The attempts by Republican lawmakers to suppress the turnout of Democratic-leaning voters in the 2016 election have reached shameless levels in Ohio — a swing state where it turns out that even homeless citizens have been blocked from exercising their right to vote. Thanks to a timely ruling last week from a federal district judge, Algenon Marbley, the obstacles to minorities at the polling booth come November may be less formidable than they might have been, though the state plans to appeal and problems remain. The judge struck down a 2014 Republican-sponsored state law that, among other things, required that absentee ballots be thrown out for essentially trivial mistakes. This, the judge ruled, discriminated against minority voters in violation of the Voting Rights Act, including homeless people disqualified for not providing precise addresses. Other changes in the 2014 law shortened the period during which voters could correct such errors and barred election clerks from helping someone confused by the forms, unless the voter was physically disabled.

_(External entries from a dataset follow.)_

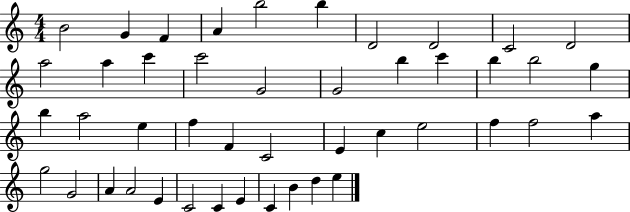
B4/h G4/q F4/q A4/q B5/h B5/q D4/h D4/h C4/h D4/h A5/h A5/q C6/q C6/h G4/h G4/h B5/q C6/q B5/q B5/h G5/q B5/q A5/h E5/q F5/q F4/q C4/h E4/q C5/q E5/h F5/q F5/h A5/q G5/h G4/h A4/q A4/h E4/q C4/h C4/q E4/q C4/q B4/q D5/q E5/q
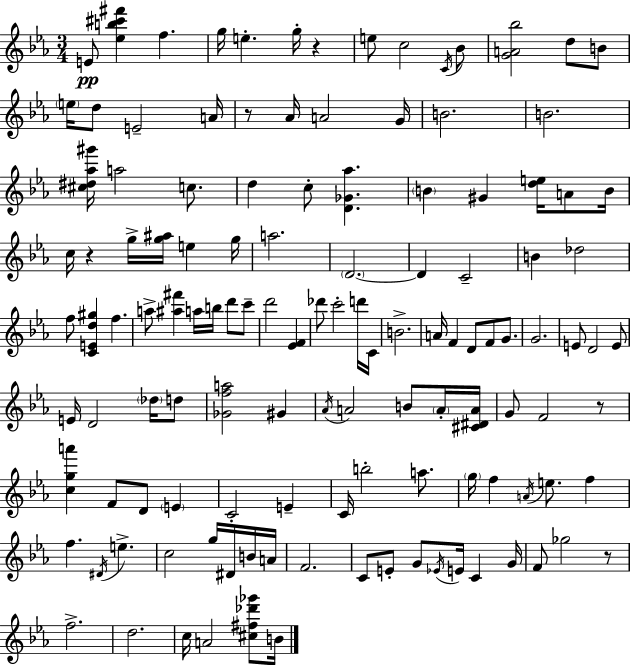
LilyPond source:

{
  \clef treble
  \numericTimeSignature
  \time 3/4
  \key ees \major
  \repeat volta 2 { e'8\pp <ees'' b'' cis''' fis'''>4 f''4. | g''16 e''4.-. g''16-. r4 | e''8 c''2 \acciaccatura { c'16 } bes'8 | <g' a' bes''>2 d''8 b'8 | \break \parenthesize e''16 d''8 e'2-- | a'16 r8 aes'16 a'2 | g'16 b'2. | b'2. | \break <cis'' dis'' aes'' gis'''>16 a''2 c''8. | d''4 c''8-. <d' ges' aes''>4. | \parenthesize b'4 gis'4 <d'' e''>16 a'8 | b'16 c''16 r4 g''16-> <g'' ais''>16 e''4 | \break g''16 a''2. | \parenthesize d'2.~~ | d'4 c'2-- | b'4 des''2 | \break f''8 <c' e' d'' gis''>4 f''4. | a''8-> <ais'' fis'''>4 a''16 b''16 d'''8 c'''8-- | d'''2 <ees' f'>4 | des'''8 c'''2-. d'''16 | \break c'16 b'2.-> | a'16 f'4 d'8 f'8 g'8. | g'2. | e'8 d'2 e'8 | \break e'16 d'2 \parenthesize des''16 d''8 | <ges' f'' a''>2 gis'4 | \acciaccatura { aes'16 } a'2 b'8 | \parenthesize a'16-. <cis' dis' a'>16 g'8 f'2 | \break r8 <c'' g'' a'''>4 f'8 d'8 \parenthesize e'4 | c'2-. e'4-- | c'16 b''2-. a''8. | \parenthesize g''16 f''4 \acciaccatura { a'16 } e''8. f''4 | \break f''4. \acciaccatura { dis'16 } e''4.-> | c''2 | g''16 dis'16 b'16 a'16 f'2. | c'8 e'8-. g'8 \acciaccatura { ees'16 } e'16 | \break c'4 g'16 f'8 ges''2 | r8 f''2.-> | d''2. | c''16 a'2 | \break <cis'' fis'' des''' ges'''>8 b'16 } \bar "|."
}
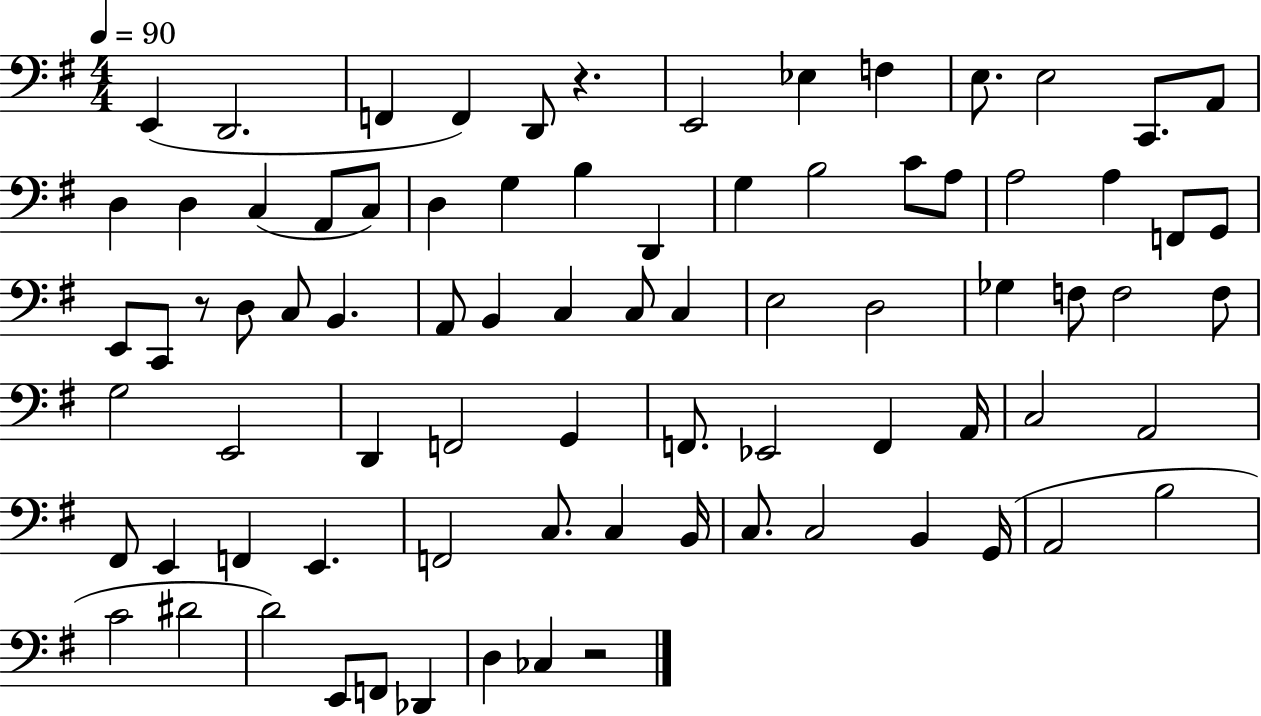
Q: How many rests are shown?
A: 3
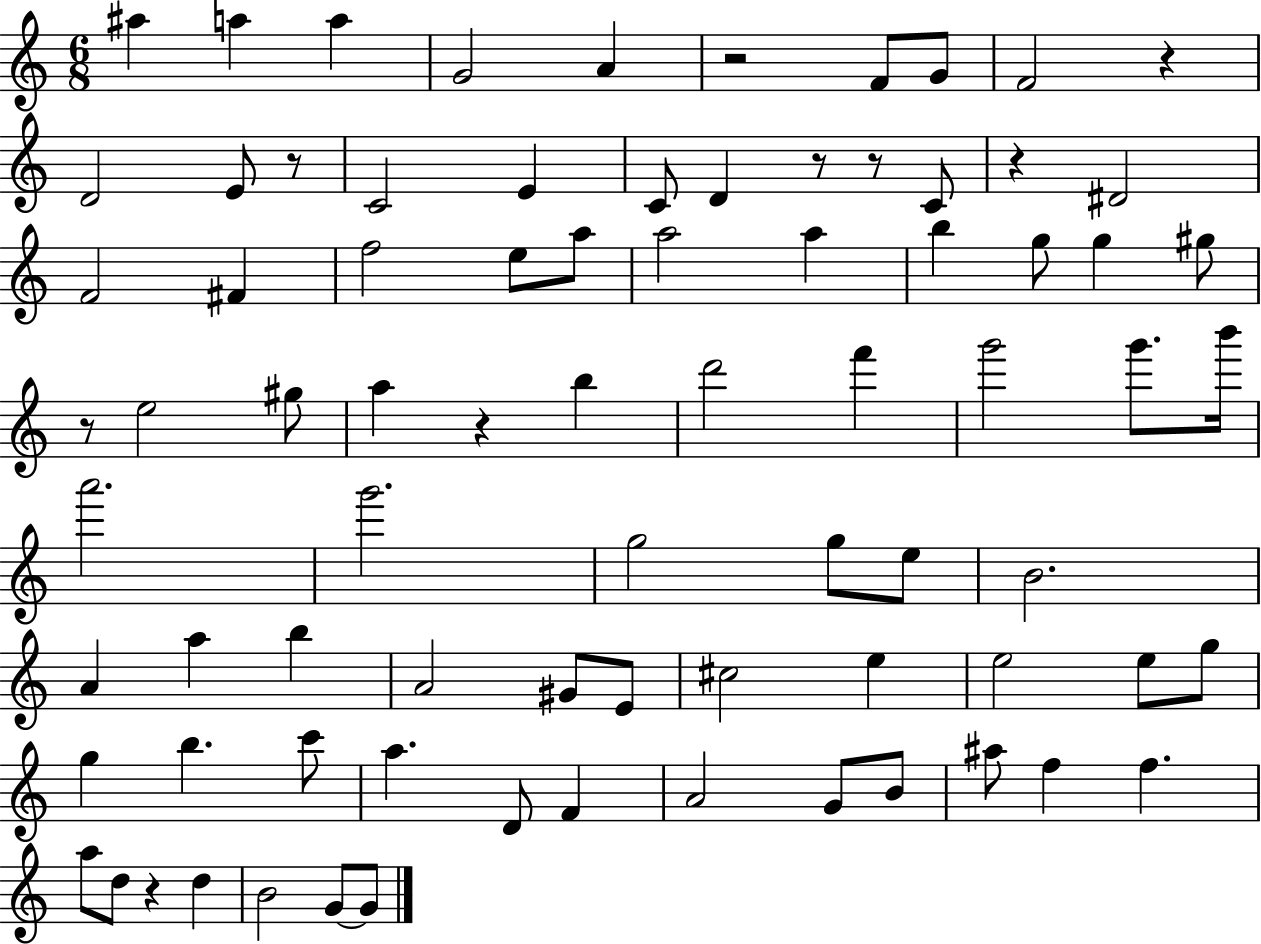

Judge Marbley said the law constituted a retreat from improvements in voting procedures enacted in 2004 and called it part of a disturbing “flurry” of voting rights limitations enacted by the Republican Legislature and Gov. John Kasich in recent years, “which sought to limit the precious right to the franchise in some manner.”
Last month, a different federal judge ruled unconstitutional another Ohio law that cut back early voting opportunities for citizens. Furious statehouse Republicans have denied any scheme to suppress Democratic voters, and Ohio’s secretary of state, Jon Husted, arguing that the decisions will produce “chaos,” said the state will appeal.